In doing so, like the prisoner in Dead Man Walking, we catch a glimpse of the absurdly paradoxical hope inscribed in Christian baptism.  For baptism is not only a letting-go of the fantasy-self, the lie of a self which is its own law and judge, but also the arrival of another self, a truer self given in love by God.  Such arrivals are inscribed everywhere in Mark’s story, literally everywhere.  The river in which Jesus is baptised is the Jordan.  It is the river which, in the memory of Israel, marks their exodus from the land of slavery into the land of promise, their transformation from a loose collection of tribal nomads into a federated nation with a land and a holy vocation given by Yahweh.  The baptism therefore recalls that God is one who liberates, who takes a broken people to his breast and gives them both a new name, and a new purpose.  Note, also, that the baptism of Jesus is placed by Mark alongside a memory of the exile in Babylon.  Isaiah interpreted that event as an intervention by God to change the people’s hearts.  The city’s nobles had become obsessed with their own power and prestige.  They had forgotten the claims of charity and mercy, and so God has destroyed the city.  In that context, the baptism of Jesus can be read as a renewal of the work of God in human society:  after destruction and exile comes forgiveness and a new covenant, the advent of a new relationship between God and the people of his affection.

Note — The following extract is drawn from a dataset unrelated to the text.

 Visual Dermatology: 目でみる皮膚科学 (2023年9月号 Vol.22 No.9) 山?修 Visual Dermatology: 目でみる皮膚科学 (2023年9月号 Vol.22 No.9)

Still, the most potent trace of arriving hope, in Mark’s story, is the bit about the heavens being ripped open as Jesus comes out of the water, and the Spirit of God descending upon him like a dove.  Again, one does not necessarily understand these symbols unless one knows the stories of the Hebrew Bible.  There one reads of a God who dwells in a holy of holies, an ark which is placed behind a curtain in the innermost chamber of the temple.  Only the High Priest, or some specially appointed leader like Moses, may approach God there, and usually only once per year at Yom Kippur, the Day of Atonement.  To my mind, the theatre of these Jewish rituals is about the irreducible otherness of God, the danger of assuming too close a familiarity with God.  God is in heaven, hidden behind a veil that we may not open from our side.  Yet, here in the baptism of Jesus, the veil that separates God from ourselves is not simply put aside, but ripped to pieces.  Furthermore, it is done by God himself, from his ‘side,’ if you like.  In the Spirit, God actually leaves the holy of holies in heaven, and comes to dwell within the heart and spirit of one who is not simply a prophet, but a Son, a beloved one.  No longer is God to be understood as the other beyond us, beyond our being in the heavens.  From now on God is to be understood as the other who is Christ, a human being who walks amongst us, who speaks our language, who shows us what God is like as a son reveals the form and character of his father.

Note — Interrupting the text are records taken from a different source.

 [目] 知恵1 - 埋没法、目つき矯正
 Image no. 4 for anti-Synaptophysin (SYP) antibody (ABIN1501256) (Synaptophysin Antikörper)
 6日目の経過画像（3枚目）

There is something marvellous in this.  For what Mark proclaims here is not simply something that happened to Jesus alone, as the more sanitised version of the story usually has it.  It is something that can happen to all of us.  After the collapse and breakdown of the false self that is part of a genuinely baptismal confession, God promises that he will come to us with the gift of a new self: a self forged within by the cruciform activity of the Spirit who was in Christ and now bears, forever, Christ’s form and character.  In the Spirit, Christ himself comes to us as the love and vitality that empowers us to put off the old and embrace the gift of the new and truer self.  Paul said it perfectly in Philippians:  “Now I live, and yet not I; it is Christ who lives within me.  The life I live in the body I live by faith in the Son of God, who loved me, and gave himself for me.”

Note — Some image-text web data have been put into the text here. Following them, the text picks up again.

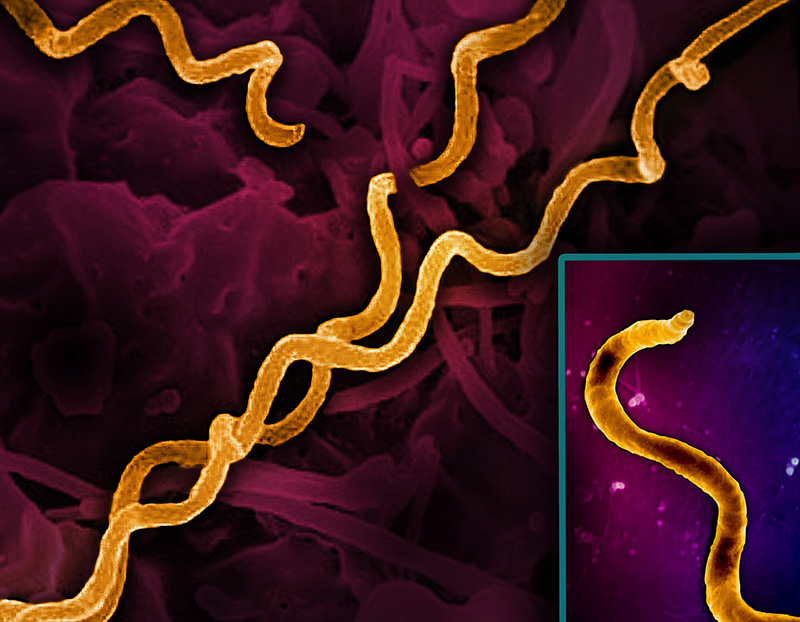 Revolutionizing Syphilis Detection: NIH Awards Propel Cutting-Edge Diagnostic Innovations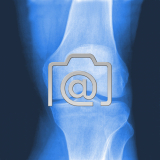 6.03_knie.normal-0001.ap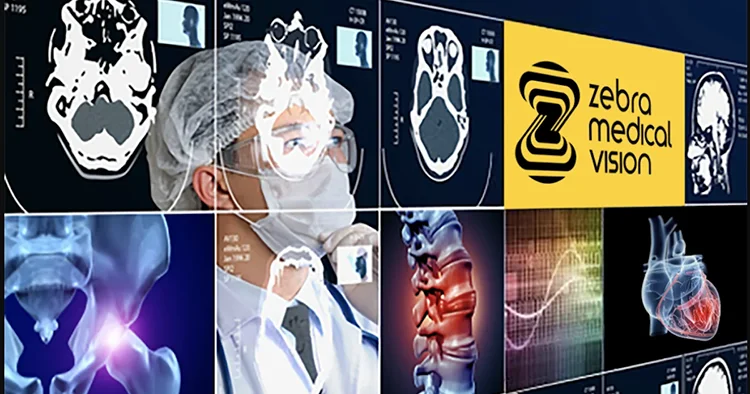 ابزار هوش مصنوعی Zebra Medical Vision برای پزشکان ارتوپد
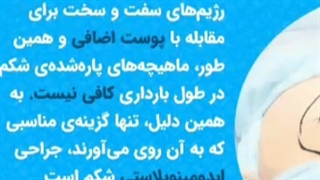 ابدومینو پلاستی قبل یا بعد از زایمان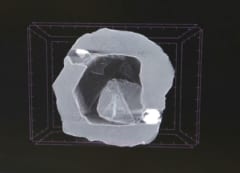 マトリョーシカ・ダイヤモンドのX線写真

Mark’s story confronts our usual understanding and practise of baptism in two ways.  First, it tells us that there is no such thing as a Christian baptism without the hard and soul-destroying work of confession and repentance.  In the first centuries of the Christian church, this was taken very seriously.  The entire season of Lent was given over to the work of learning the faith and wrestling with one’s soul prior to the rite of baptism at Easter.  Second, the story tells us that baptism will bear its human fruit not because of our own will or determination, but because God is faithful.  God sends his Spirit, the Spirit of his son Jesus, to hollow out the old self from the inside out, and replace it with a Self of God’s own making and design.  In this sense, baptism is not simply about the ceremonial occasion itself.  It is rather a cipher and a ritual performance of the Christian life as a whole:  a calling and a pledge to leave the false self behind, and wrestle always to find the truth about things which is God’s gift to everyone who asks for it.  This second movement confronts our fantasies about self-foundation, about the will-to-power which makes a higher law for itself without reference to another.  For here we learn the difficult and liberating truth that we have never been on our own, that even the breath that we take this moment is possible only because God has made it possible.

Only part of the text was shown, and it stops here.